Но нет, паровоз громко засвистел, спугнув с балок стаю голубей, и вырвался из-под сводов вокзала в синий купол неба. Банти шумно зарыдала, когда поезд начал удаляться и наконец исчез вдали и на вокзале воцарилась странная тишина — полная чудовищного разочарования и в то же время какая-то умиротворяющая. Тишину нарушил тяжелый железный лязг, и билетный контролер вышел из будки и взял Банти за руку со словами: «Давайте-ка мы с вами разберемся, барышня», потому что Банти стояла не только в слезах, но и в луже кое-чего более позорного.
Начальнику вокзала не сразу удалось добиться от нее толку: она даже имя свое не могла назвать, потому что рыдала, а в промежутках судорожно втягивала воздух.

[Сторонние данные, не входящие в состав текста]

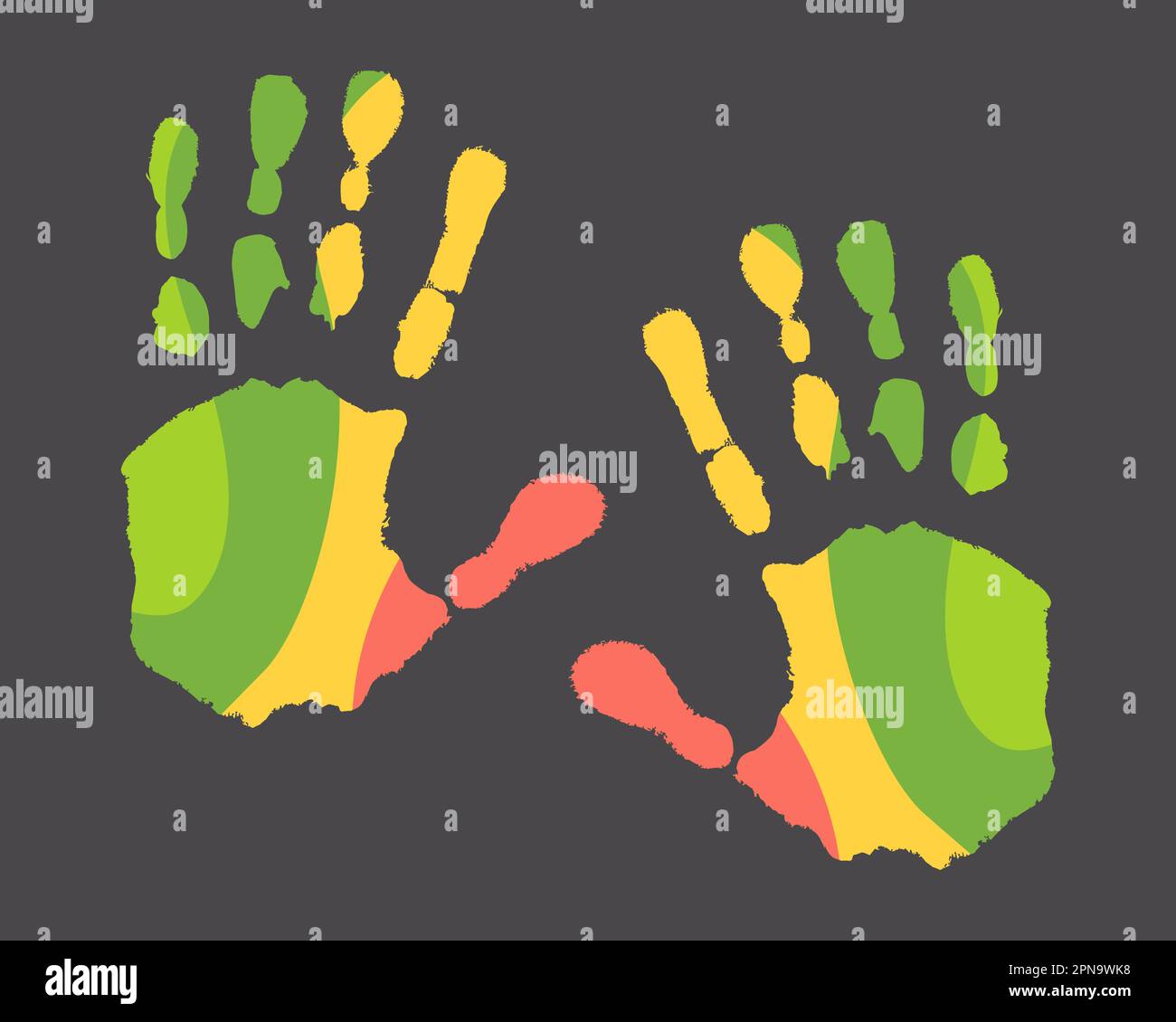 due mani sono cosparse di vernici multicolore. stampa palm su sfondo scuro. illustrazione vettoriale. Illustrazione Vettoriale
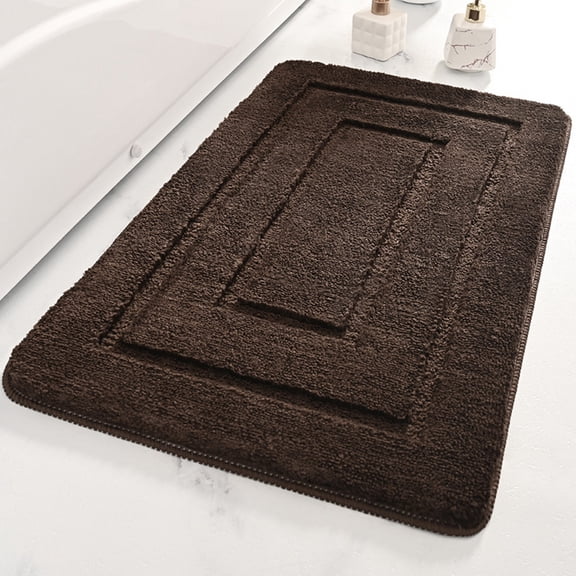 Soft Comfortable Microfiber Bathroom Rugs 20 x 32inch Brown Geometric Pattern Modern Decoration Bath Mats Machine Washable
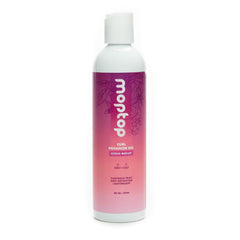 MopTop Curl Enhancer Gel bottle shows lightweight frizz control for defined curls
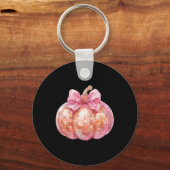 Coquette Bow Disco Pompoen Herfst Herfst Funny Hal Sleutelhanger (Voorkant)
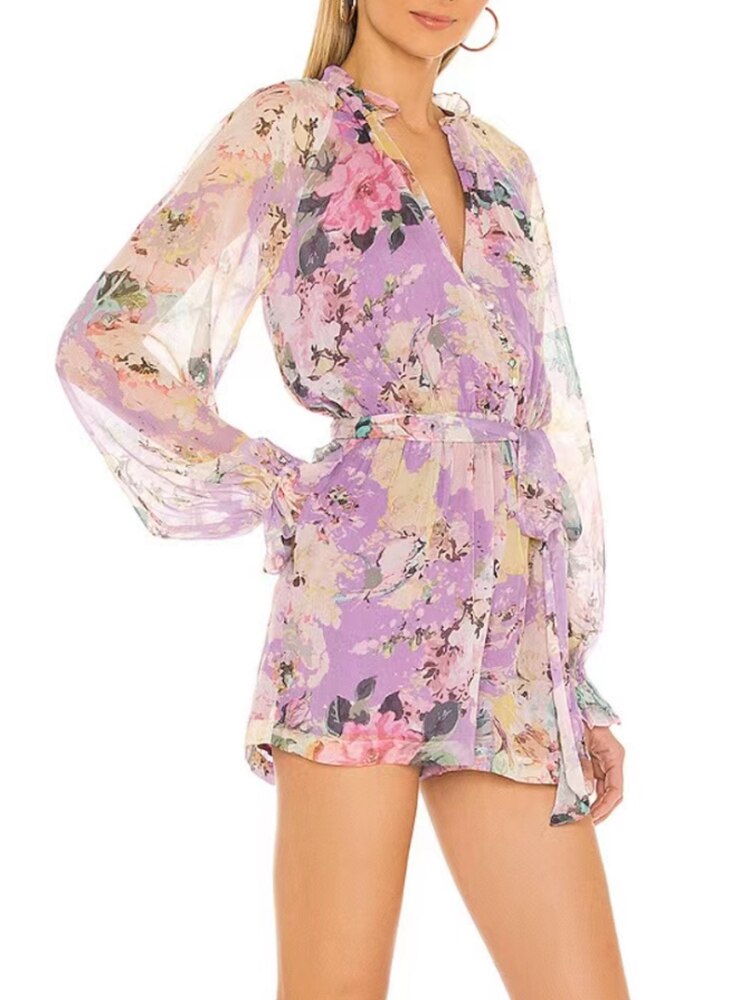 Casual Print Colorblock Playsuit For Women V Neck Loose Mini  Clothing
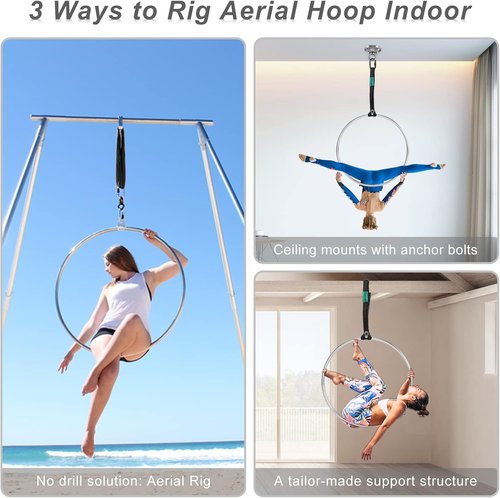 Complete Lyra Aerial Hoop Kit -Aerial Rings Equipment,Include a Stainless Steel Lyra (32mm Tube Dia) &Carabiners&Swivel& 3ft Spanset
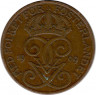 Монета. Швеция. 5 эре 1909 год (малый крест).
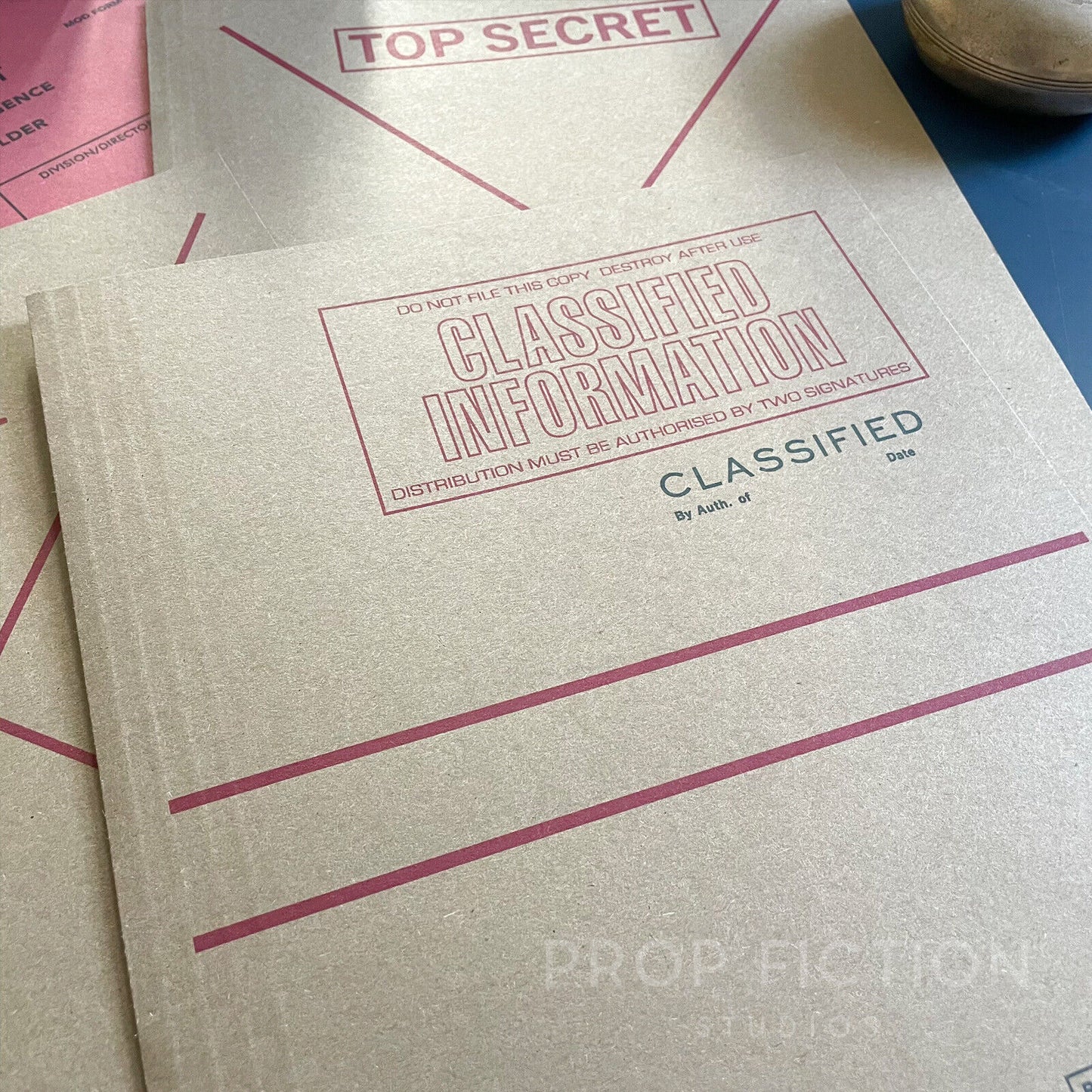 Movie Prop Secret Agent Mission Intelligence Files / 4 x Cosplay Spy Folder Set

Ее вверили сомнительным заботам молодого носильщика; он поехал с ней на трамвае и ссадил на Хантингтон-роуд, с тем чтобы дальше она шла пешком. Банти казалось, что она уже много часов окружена чужаками, и ей не терпелось выплакать свое горе в знакомых объятиях. Но то, что ждало дома на кухне, ее напугало: мать вроде бы делала рисовый пудинг (белые зернышки риса разлетелись, как жемчужинки, по всему столу), но явно была не в себе — большая двухпинтовая эмалированная миска, обычно используемая для молочных пудингов и заварного крема, была уже полна до краев, а Нелл все лила молоко из большого синего кувшина. Вот оно уже дошло до края миски, вот выплеснулось на стол, вот полилось с края стола белым млечным водопадом.